§ DATA FOR THE TASK

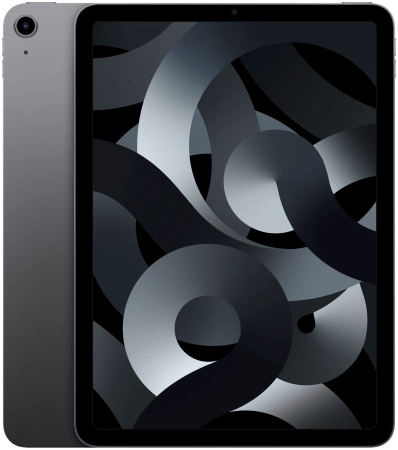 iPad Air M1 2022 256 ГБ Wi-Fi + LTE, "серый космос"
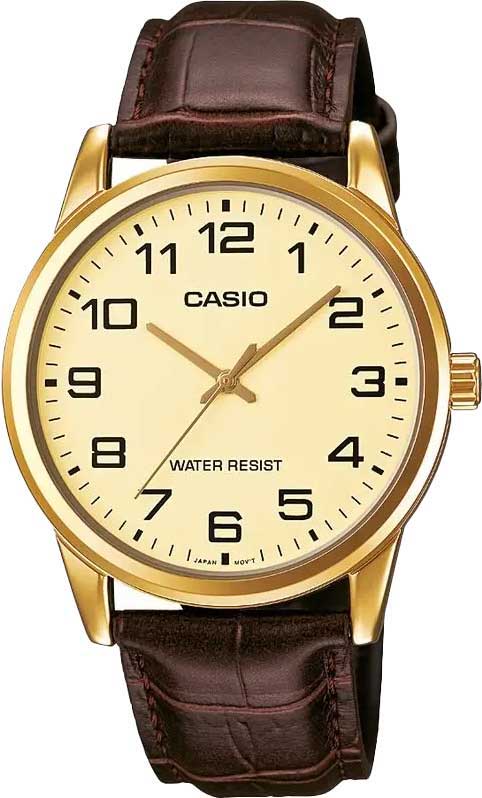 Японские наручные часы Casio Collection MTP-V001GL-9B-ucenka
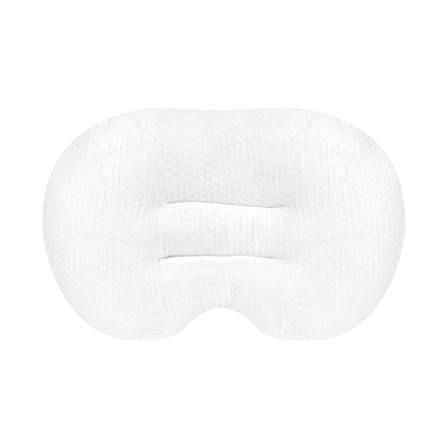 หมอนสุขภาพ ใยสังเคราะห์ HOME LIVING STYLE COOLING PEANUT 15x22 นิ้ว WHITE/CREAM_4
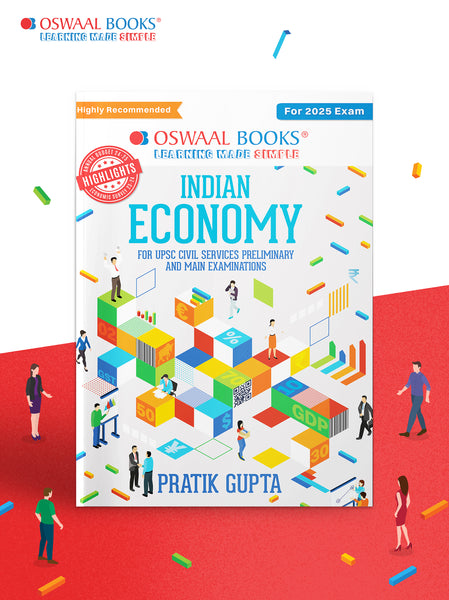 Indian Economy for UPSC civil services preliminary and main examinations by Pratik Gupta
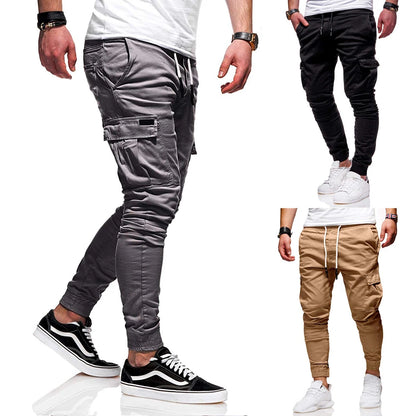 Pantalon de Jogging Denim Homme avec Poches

==

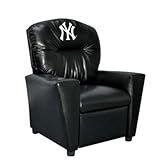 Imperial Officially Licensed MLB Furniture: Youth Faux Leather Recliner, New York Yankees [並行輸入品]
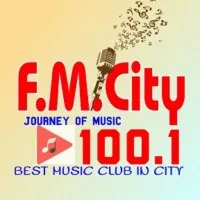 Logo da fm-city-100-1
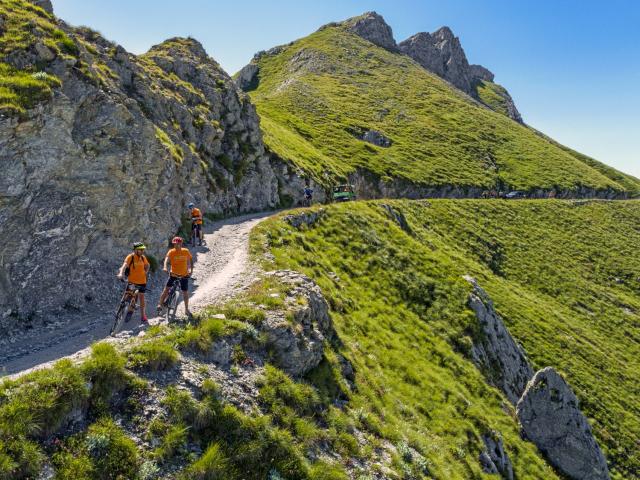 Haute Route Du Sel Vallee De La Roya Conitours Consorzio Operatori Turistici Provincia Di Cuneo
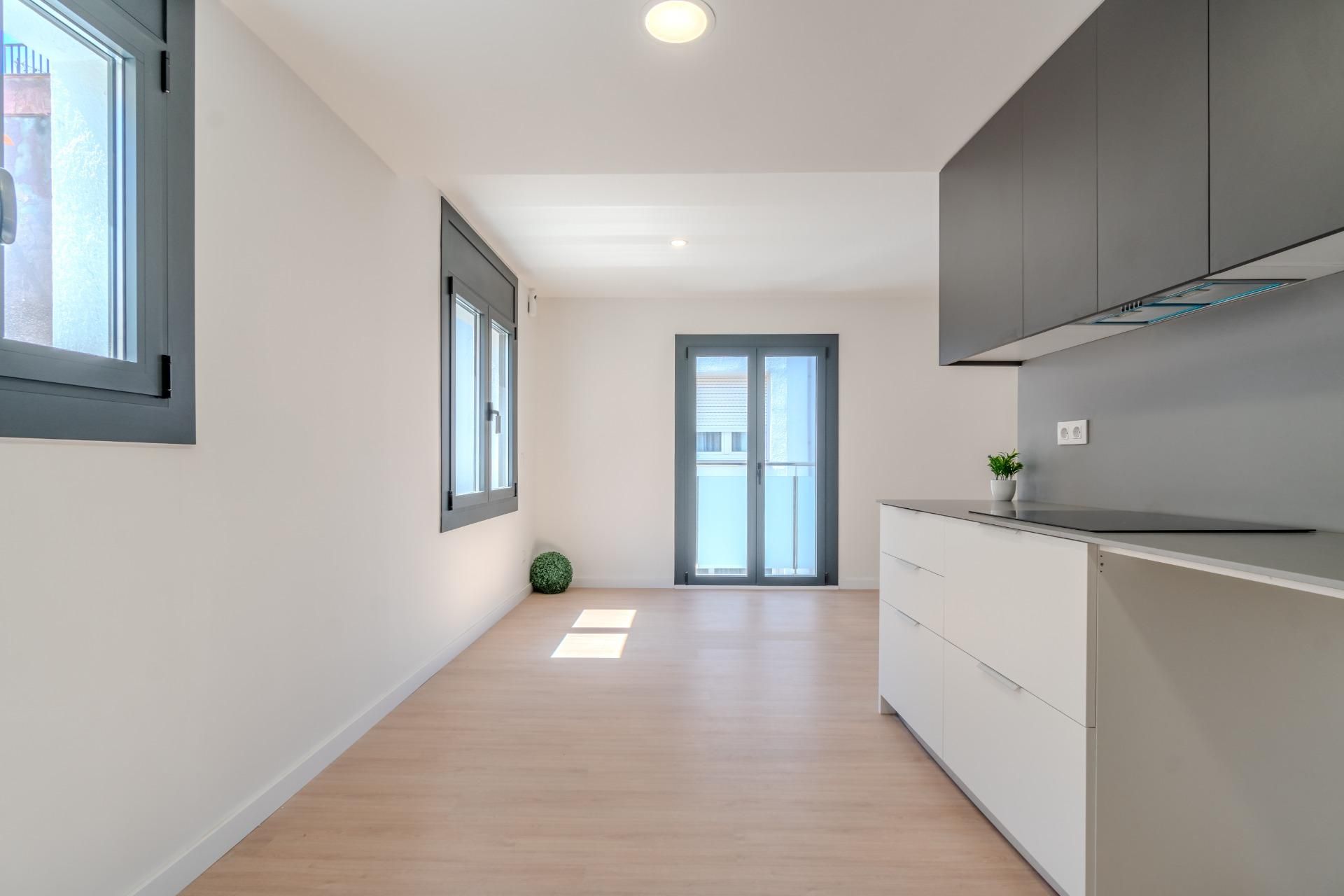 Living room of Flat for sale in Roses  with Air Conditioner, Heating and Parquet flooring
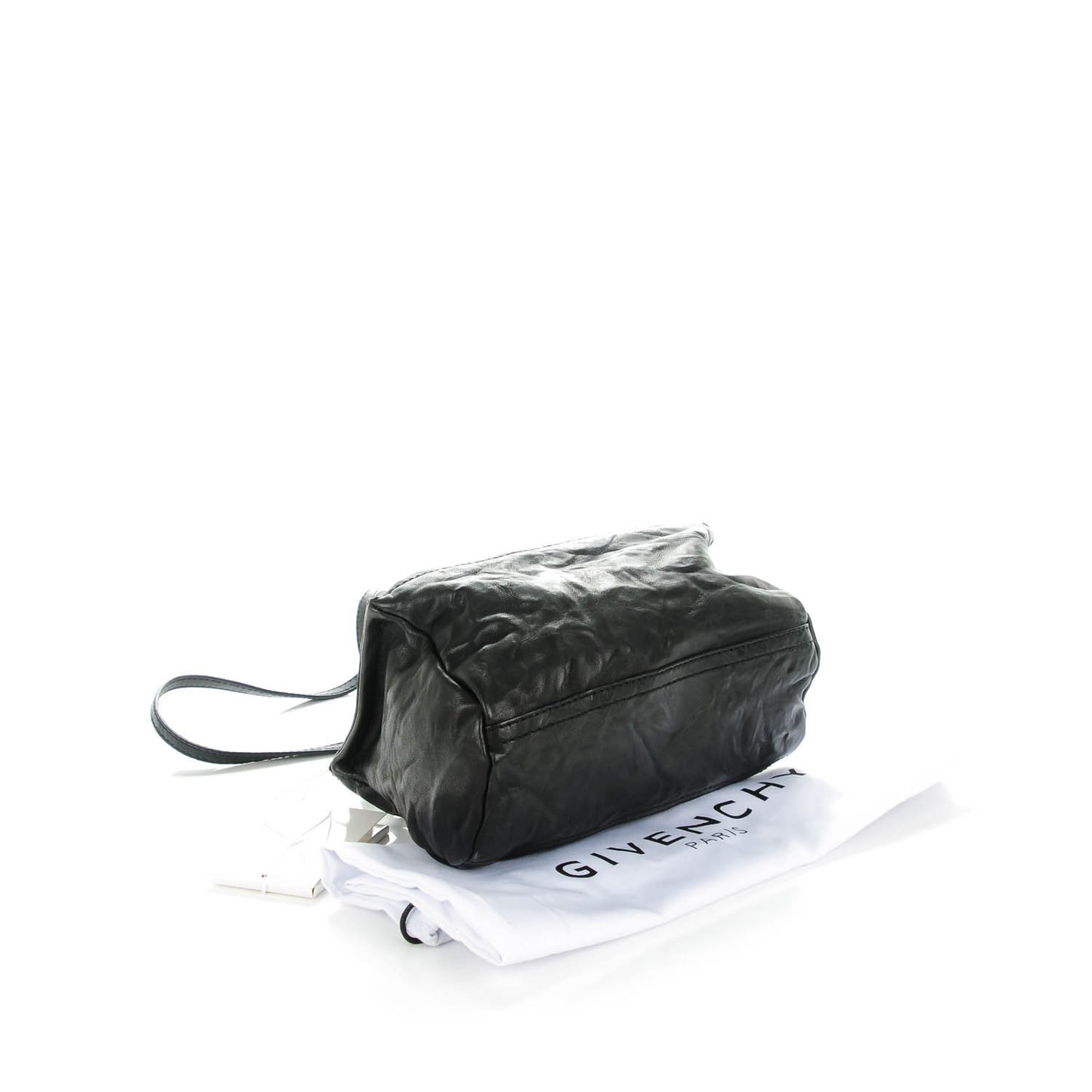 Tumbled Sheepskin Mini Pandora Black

...

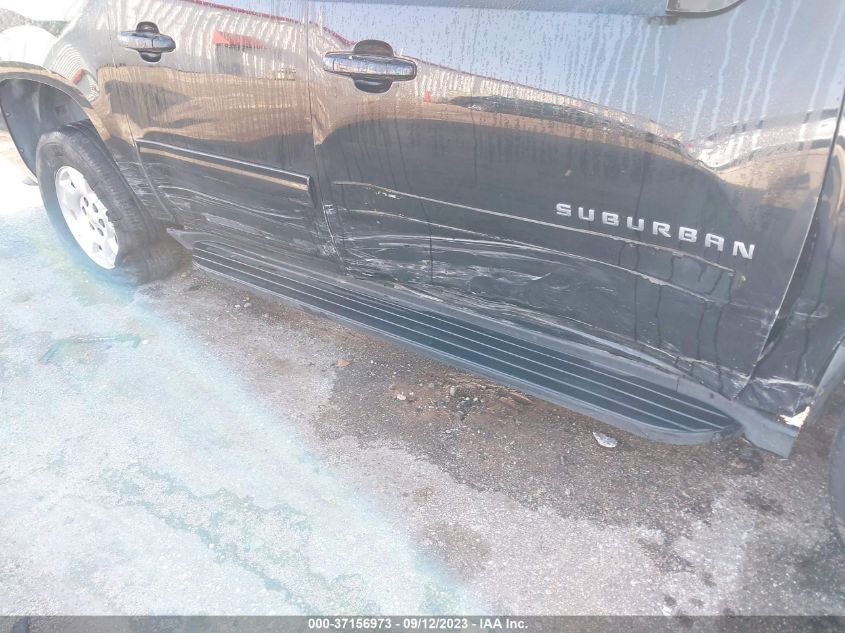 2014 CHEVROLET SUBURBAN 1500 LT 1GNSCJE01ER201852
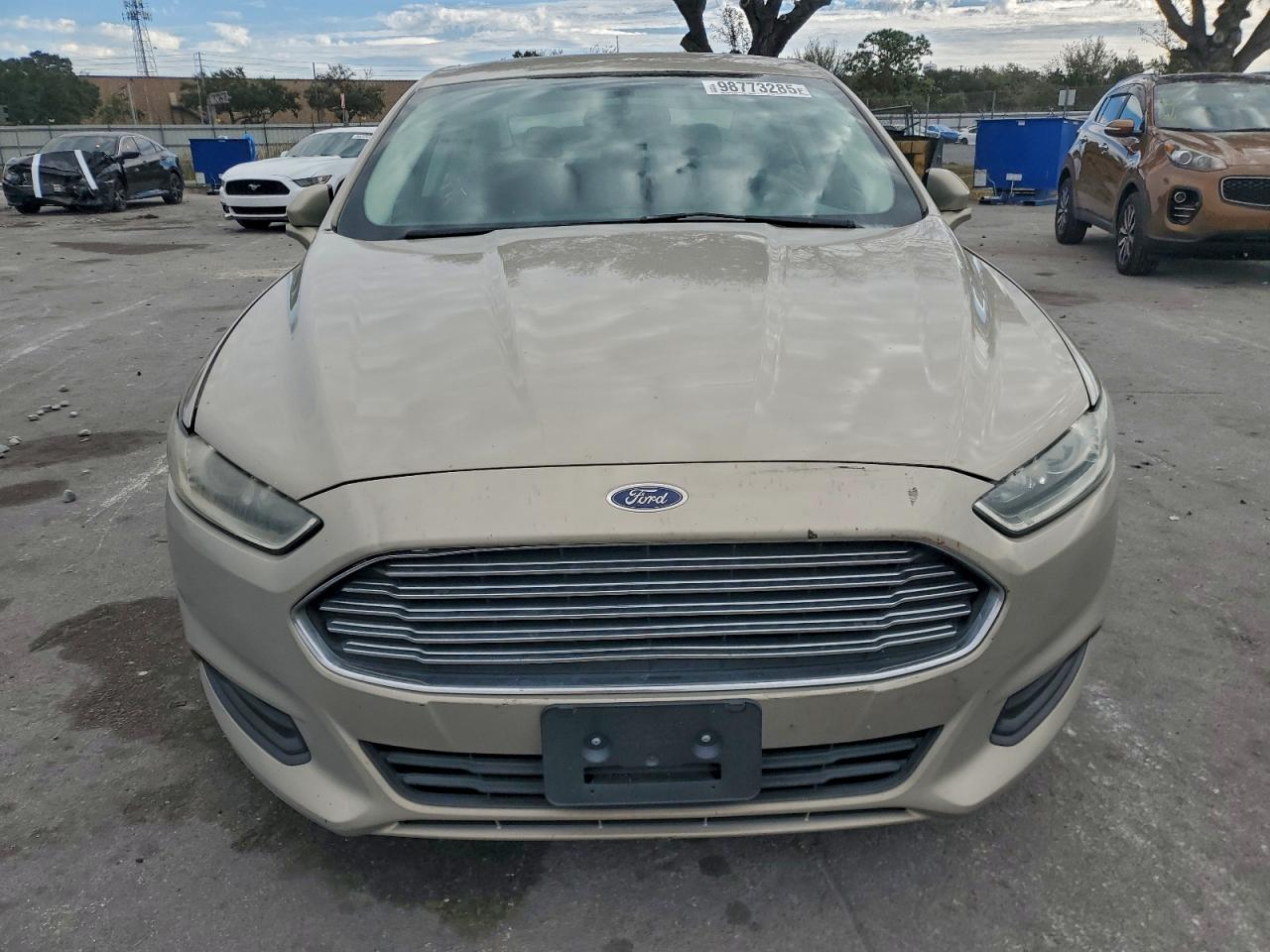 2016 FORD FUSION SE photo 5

§ ACTIVITY
Retype only the lines above from the one with "Indian Economy for" through the one with "Pantalon de Jogging Denim Homme avec Poches", exactly and with both ends. Images stay out.

§ EXERCISE OUTPUT
 Indian Economy for UPSC civil services preliminary and main examinations by Pratik Gupta
 Pantalon de Jogging Denim Homme avec Poches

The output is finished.